SOURCE INFORMATION:
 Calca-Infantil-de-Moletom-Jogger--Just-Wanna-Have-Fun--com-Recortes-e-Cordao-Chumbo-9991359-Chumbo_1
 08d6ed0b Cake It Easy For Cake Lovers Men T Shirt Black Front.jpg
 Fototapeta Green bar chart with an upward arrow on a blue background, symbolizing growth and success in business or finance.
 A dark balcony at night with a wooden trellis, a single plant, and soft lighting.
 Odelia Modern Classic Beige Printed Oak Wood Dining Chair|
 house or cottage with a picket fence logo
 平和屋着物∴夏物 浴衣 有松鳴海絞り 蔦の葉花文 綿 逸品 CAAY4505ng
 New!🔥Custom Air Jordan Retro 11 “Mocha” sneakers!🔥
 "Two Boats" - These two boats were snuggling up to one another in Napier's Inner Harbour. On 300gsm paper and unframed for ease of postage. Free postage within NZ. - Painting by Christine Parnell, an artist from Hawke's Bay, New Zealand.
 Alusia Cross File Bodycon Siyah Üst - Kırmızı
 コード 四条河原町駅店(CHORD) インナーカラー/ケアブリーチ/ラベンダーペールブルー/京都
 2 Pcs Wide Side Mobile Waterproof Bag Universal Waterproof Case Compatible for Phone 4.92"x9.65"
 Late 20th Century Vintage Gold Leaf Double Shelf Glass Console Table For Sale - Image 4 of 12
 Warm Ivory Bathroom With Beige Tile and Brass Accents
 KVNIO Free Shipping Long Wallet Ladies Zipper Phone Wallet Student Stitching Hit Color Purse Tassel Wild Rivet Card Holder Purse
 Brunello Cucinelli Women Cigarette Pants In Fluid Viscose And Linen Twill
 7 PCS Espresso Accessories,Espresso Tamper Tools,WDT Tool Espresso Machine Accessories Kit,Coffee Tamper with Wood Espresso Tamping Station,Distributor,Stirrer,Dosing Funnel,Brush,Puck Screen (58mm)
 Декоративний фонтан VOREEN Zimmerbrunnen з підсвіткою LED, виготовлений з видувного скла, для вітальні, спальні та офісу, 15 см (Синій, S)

EXERCISE GOAL: From the listing, please work out how many lines contain "Free". Give the number only.

RESPONSE TO THE EXERCISE: 2